How to Live in a Dystopian Fiction https://www.theparisreview.org/blog/2018/06/28/how-to-live-in-a-dystopian-fiction/
@enkiv2 the first point already makes me think... would it work if you *didn't* start the book in the middle of a situation already brewing?
might be able to devote a little more time to depicting what it's actually like to live in that world. really sell it. maybe invert the typical strategy of fantasy tales in these matters...
then you can start something, and it be more meaningful? 🤷
@KitRedgrave Imagine if Logan's Run started before the society they were describing formed. (Or, look at episode 19 of Darling in the FranXX.) If you start off with a high-concept dystopia it's easy to fail to produce one whose origins can be readily explained. (Then again, who among us can explain how society got to the current place, convincingly?)

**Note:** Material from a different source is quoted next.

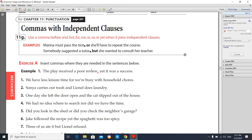Worksheet number two is about commas with independent clauses. We have studied the two different sorts of clauses — independent and dependent. Use a comma before coordinating conjunctions like 'and,' 'but,' and 'or' when they join independent clauses. For example: 'Marina must pass the test, or she will have to repeat the course.' Another example: 'Somebody suggested a tutor, but she wanted to consult her teacher.' In these sentences we have two independent clauses, so we add a comma.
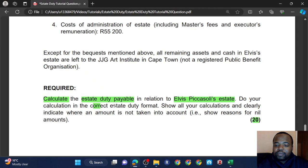We have two life insurance policies. The proceeds of Policy A were paid into the estate: R1.5 million. Elvis paid all the premiums. Remember, if the deceased paid all the premiums, we cannot deduct those premiums plus 6% interest from the payout amount, because they were paid by the deceased.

personal theories why (although all may be factors)
A: dystopian fiction's so into being a warning of the bottom of the slope that the slippery beginning seems unsexy
B: the "but we must have a win" condition of modern fiction in general
C: most of the people writing are either white straight abled cis men or 3 to 4 of those things and since society currently benefits them they're hesitant to suggest new order-maintaining steps are wrong
D: fear it'll be a roadmap
@enkiv2 @KitRedgrave
> figuring out how to describe a collapse in an entertaining way is hard
it's not, it's just that nobody likes bleak fiction; it's the least used plot
"the hero tries, does all they can, and fails" is not what people are used to in fiction
so the best you get is "here's how our society became a fuck, and here is your hope spot of people who might try to solve it"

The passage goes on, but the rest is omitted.